The chair also includes USB power outlets, which can be used to charge cellphones, GPS systems, tablet computers and items like fans and reading lights.

Mool Gupta, the team's advisor and Langley Professor in Residence at the University of Virginia and the NIA, says that participating in the competition was a great learning experience for his team. He was thrilled to hear that they'd won the prize, but more important, he says, is that they worked together on a project meant to help improve society.

"I'm very proud of them for what they have accomplished," he said.

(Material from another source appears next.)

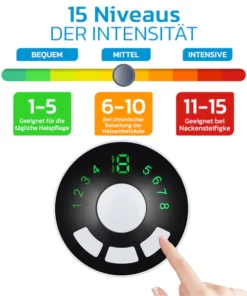 GFOUK™ TENSTECH Akupunkturpunkte Lymphatische Beruhigung Hals Instrument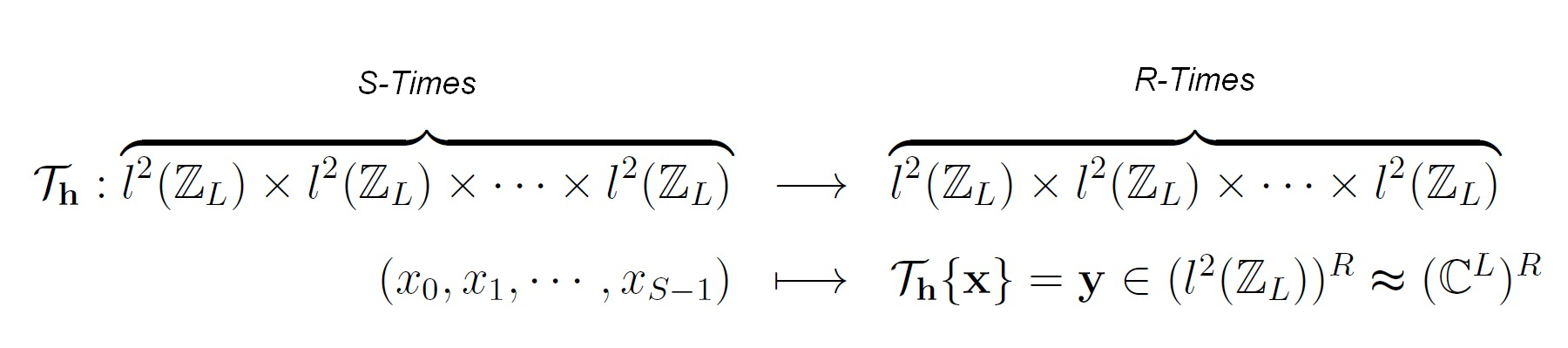 Time-Frequency Channel Functions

The wheelchair will go to good use, too. The team plans to use the prize money to make some final refinements, after which they'll ship the prototype to Alper Sirvan, the gentleman in Turkey who pitched the idea for a solar-powered wheelchair to World CP Day. Sirvan is living with cerebral palsy. The remaining prize money will go back to United Cerebral Palsy in support of future World CP Day competitions.

Gupta hopes that this prototype is just a starting point for something even greater. He imagines a future design that incorporates NASA technology — specifically flexible solar panels.

Though they won't be commercially available for several more months, the flexible panels, which are thin and can be rolled up, would be cheaper and lighter than custom-built solar panels.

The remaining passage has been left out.